Important Art by Marius de Zayas
Alfred Stieglitz, L'Accoucheur d'Idées (The Midwife to Ideas) (1908-9)
This depiction of his friend and collaborator is part of a series recording the artists of Alfred Stieglitz's circle. Stylistically more mysterious and suggestive than his commercial caricatures, this drawing suggests de Zayas's Symbolist inspirations as he adapts his style to depict his artistic colleagues. Stieglitz is shown as a solitary figure, emerging from a dark background. Recognizable by his bristly moustache and glasses, de Zayas subtly differentiates between Stieglitz's black outfit and the black field, to create a spectral vision. The elongated figure furthers this immaterial representation of the body. The darkness is punctuated only by a glowing full moon that circles Stieglitz's head like a halo and suggests a quasi-religious role for the gallerist. The drawing evokes an otherworldly spirit.
This caricature was most likely part of de Zayas's first exhibition at 291 gallery, iin January 1909. It marks his arrival as part of the Stieglitz group, as the exhibition signaled his ascension from a commercial illustrator to a fine artist. The work was reproduced in Stieglitz's Camera Work in 1912, where it was subtitled as "The Midwife to Ideas." - making clear Stieglitz's role as a facilitator for modern art in New York.
All In It (1912)
The politically progressive de Zayas family was forced into exile when Marius was a young man. In New York, de Zayas drew political cartoons for a variety of newspapers and magazines, often criticizing America's actions towards Mexico and other less powerful countries.

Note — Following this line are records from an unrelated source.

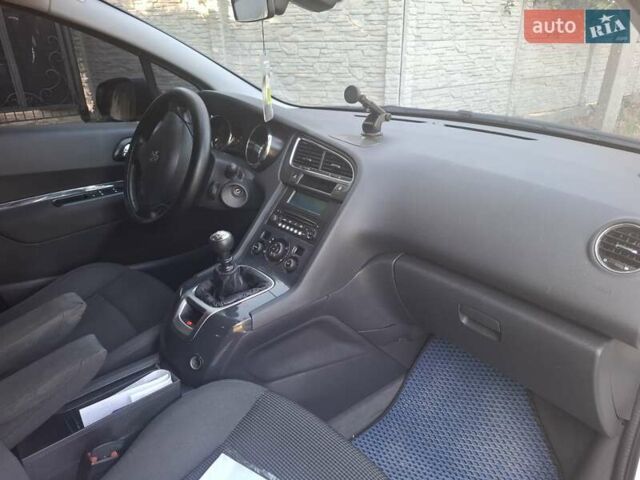 Белый Пежо 5008, объемом двигателя 1.56 л и пробегом 181 тыс. км за 9300 $, фото 10 на Automoto.ua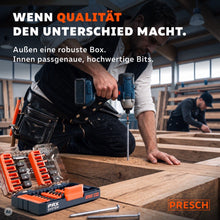 Zimmerer arbeitet mit dem Schlagschrauber an einer Holzkonstruktion, die Bitbox liegt griffbereit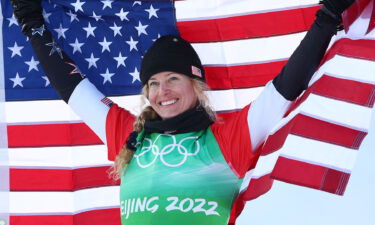 Lindsey Jacobellis holds up an American flag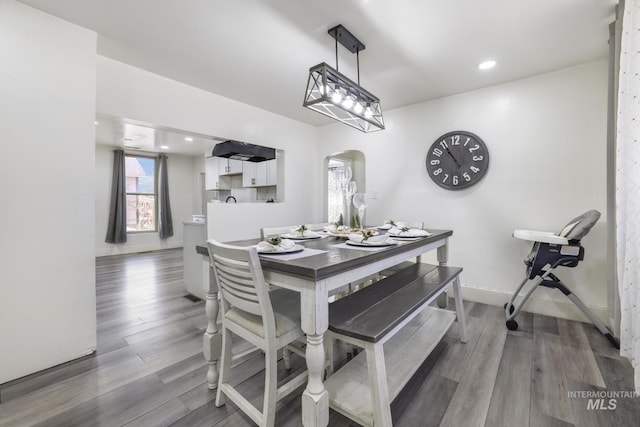 317 W C, Shoshone, ID 83352 - dining room with arched walkways, baseboards, recessed lighting, and wood finished floors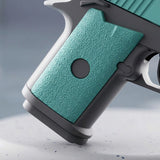 A close-up shows the water gun's textured turquoise grip, circular grey inset, and grey frame against a muted grey background.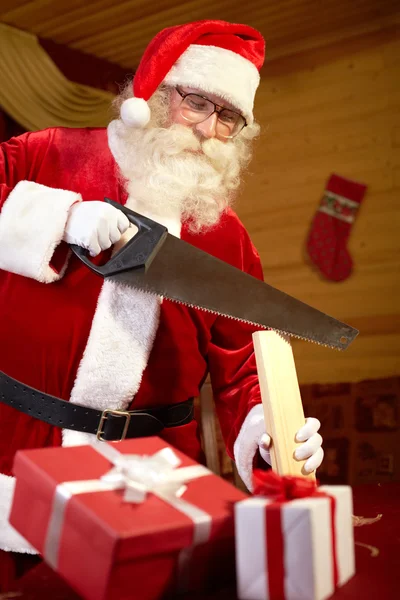 Santa Claus making presents himself — Stockfoto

He was particularly distrustful of Theodore Roosevelt and William H. Taft, believing they only represented the interests of American industrialists such as John D. Rockefeller and his Standard Oil Co. In this cartoon from the Evening World Daily Magazine, both men, along with the Republican elephant, are immersed in dark waters - or crude oil - labeled "corporation campaign corruption."
Portrait of Alfred Stieglitz (1912-13)
In his April-May 1913 exhibition at Alfred Stieglitz's "291" gallery, de Zayas showed a series of caricatures; some were in his conventional style that played with a recognizable and popular subject, but others, such as this portrait of Stieglitz, represented a new level of abstraction.
This depiction of Stieglitz aims to express his complicated personality, along with his intelligence and spirit, through the use of complex mathematical equations. There are some physical traces of Stieglitz, most notably his bristly mustache (represented by a series of parallel lines in a triangular form on the lower left) and his glasses, which are repeated in a vertical series of circles to suggest the intensity of his focus and artistic vision. These circular elements, however, were also abstractions based on an object - a "soul catcher" - that de Zayas had seen in an ethnographic museum. Bringing together the abstract and the representational, de Zayas creates a portrait that suggests both the physicality and the spirituality of his subject.
De Zayas's abstract caricatures directly inspired the machine portraits of Francis Picabia, which became an important part of Dada in America. Replacing the portrait subject with an assemblage of objects and formal components of line and color became a new genre of painting among the New York avant-garde. Other modernists would adopt this technique to portray friends and lovers without resorting to traditional representation. Indeed, these object portraits created coded meanings that were comprehensible only to a small circle of associates, tracing a network of experimental artists in the 1910s and 1920s.